Post  Cokelike Mon 22 Oct - 18:39

I put links to these interviews in the interview topic. But here I have picked out the most interesting quotes from the current press about the album, and the making of the album. I'll try to update this a bit more soon. 

About Matador:

10/1/18 The Cut Interview:

They had said that I needed top producer, famous band. And I chose to become very stubborn and did everything myself. I did my very best, I worked so hard on it. I was so proud of it. I was so happy with everything I had created, and out of thin air. They weren’t betting on the horse to win. Just because somebody told me I was their family, I didn’t need to believe them. It was business to them, and they knew it was business. But I didn’t.

This new life, these new songs, I’m going to protect them. I’m not going to fight anymore with [Matador]. I’m going to make whatever comes to me, and that’s that, and that is art. I have to trust art because I’m here. I was so with my own child, and my own fucking songs that I wasn’t going to let any outside influence in. Just to make art! That’s all.

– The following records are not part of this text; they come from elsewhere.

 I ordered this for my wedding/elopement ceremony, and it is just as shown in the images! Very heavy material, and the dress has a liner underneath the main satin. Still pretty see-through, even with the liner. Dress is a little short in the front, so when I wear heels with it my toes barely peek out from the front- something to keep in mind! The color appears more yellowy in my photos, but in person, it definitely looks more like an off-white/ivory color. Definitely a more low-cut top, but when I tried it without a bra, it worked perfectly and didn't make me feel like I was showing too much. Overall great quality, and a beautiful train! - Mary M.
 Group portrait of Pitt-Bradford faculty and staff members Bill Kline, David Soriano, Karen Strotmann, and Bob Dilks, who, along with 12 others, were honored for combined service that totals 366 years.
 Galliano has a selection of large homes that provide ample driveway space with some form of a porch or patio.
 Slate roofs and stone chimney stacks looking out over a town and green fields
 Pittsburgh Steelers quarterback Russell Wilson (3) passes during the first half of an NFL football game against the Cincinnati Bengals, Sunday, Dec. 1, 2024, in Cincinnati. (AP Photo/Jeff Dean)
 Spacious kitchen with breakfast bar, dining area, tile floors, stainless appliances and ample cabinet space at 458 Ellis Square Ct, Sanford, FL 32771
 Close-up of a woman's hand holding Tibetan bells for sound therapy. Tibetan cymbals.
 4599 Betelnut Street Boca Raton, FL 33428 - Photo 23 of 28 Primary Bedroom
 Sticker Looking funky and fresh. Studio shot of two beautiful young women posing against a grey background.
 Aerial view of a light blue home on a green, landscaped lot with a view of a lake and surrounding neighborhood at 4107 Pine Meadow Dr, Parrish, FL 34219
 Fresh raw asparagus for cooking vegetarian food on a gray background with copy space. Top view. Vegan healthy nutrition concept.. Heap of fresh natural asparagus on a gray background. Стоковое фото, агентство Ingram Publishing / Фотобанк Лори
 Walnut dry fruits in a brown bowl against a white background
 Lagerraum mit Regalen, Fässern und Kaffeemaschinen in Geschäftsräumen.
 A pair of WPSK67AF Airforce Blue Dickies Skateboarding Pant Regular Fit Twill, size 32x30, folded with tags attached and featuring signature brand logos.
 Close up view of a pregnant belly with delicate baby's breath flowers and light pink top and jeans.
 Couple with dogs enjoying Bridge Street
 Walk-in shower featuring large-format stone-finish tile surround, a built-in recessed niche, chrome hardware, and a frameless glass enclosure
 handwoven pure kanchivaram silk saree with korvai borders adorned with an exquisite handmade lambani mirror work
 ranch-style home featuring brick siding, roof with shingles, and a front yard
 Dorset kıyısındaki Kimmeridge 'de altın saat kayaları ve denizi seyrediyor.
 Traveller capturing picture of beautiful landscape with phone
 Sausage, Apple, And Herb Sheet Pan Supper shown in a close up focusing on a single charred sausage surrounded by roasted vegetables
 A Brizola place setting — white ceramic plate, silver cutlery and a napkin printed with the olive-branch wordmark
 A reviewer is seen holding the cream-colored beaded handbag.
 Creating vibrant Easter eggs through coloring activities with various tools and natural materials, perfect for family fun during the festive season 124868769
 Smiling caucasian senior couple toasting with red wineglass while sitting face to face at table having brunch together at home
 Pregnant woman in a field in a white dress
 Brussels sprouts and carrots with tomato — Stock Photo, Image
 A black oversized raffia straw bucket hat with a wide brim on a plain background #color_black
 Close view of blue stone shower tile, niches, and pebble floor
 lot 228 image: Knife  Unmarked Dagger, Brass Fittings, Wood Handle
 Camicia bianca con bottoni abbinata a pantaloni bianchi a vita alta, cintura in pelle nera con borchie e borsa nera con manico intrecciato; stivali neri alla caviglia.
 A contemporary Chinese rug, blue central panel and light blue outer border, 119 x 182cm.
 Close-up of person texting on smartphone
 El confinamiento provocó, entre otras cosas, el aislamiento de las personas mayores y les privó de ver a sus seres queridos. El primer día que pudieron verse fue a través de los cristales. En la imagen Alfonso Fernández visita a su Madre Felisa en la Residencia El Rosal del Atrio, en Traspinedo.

The 70-year-old me, whom I have yet to meet, was like, ''You ain’t got no time for this shit. You fucking fuck those motherfuckers. You got your kid here. Keep working, do what you do. Life will continue. You’re going to be okay.''

Days after she delivered the record to Matador — her home for seven albums and 20 years — they rejected it, and Marshall was suddenly, unexpectedly on her own.

9/20/18 New York Times Interview:

But Matador rejected the album.

“They said, do it again, do it over,” Ms. Marshall explained. (Mr. Slater confirmed that Matador told him “Wanderer” was “not good enough, not strong enough to put out.” The album will be released by Domino.)

Ms. Marshall said she’d received the same mandate from Matador during recording as she had for “Sun,” her previous album from 2012. “It was like, ‘We need hits!’” she said. “And I did it — I got Top 10. I did the best I could to give them hits” on “Sun,” using bright synths and more modern sounds. (“Sun” has sold 114,000 albums to date including streams, according to Nielsen.)

But to Ms. Marshall, the label had always represented artistic freedom. “Looking back, I know they were using me,” she said, recalling a Matador executive playing her an album by Adele and telling her that that was how a record was supposed to sound. “I understood that I was a product,” she said, “and I always thought I was a person.”

Matador said in a statement: “Chan Marshall is without question one of the most talented, brilliant artists we’ve been fortunate to know,” adding: “Our working relationship with Chan has not been without difficult moments. We’ve had disagreements over matters both artistic and business, but none of that changes our respect for her as a person or performer.”

10/1/18 Stereogum Interview:

When Matador rejected the first version of the album, Marshall’s confidence plummeted, but she didn’t want to back down, she still believed in the work.

“I learned the hard way that it’s just another business transaction. Even though they said I’m their family, for countless years. I learned the hard way that you know they’re not family. They actually went to business school and they’re a business. And indie rock means nothing,” Marshall says of her split with the label. “Artistic integrity actually means nothing. It’s about hit music, it’s a commodity, a product for sale.”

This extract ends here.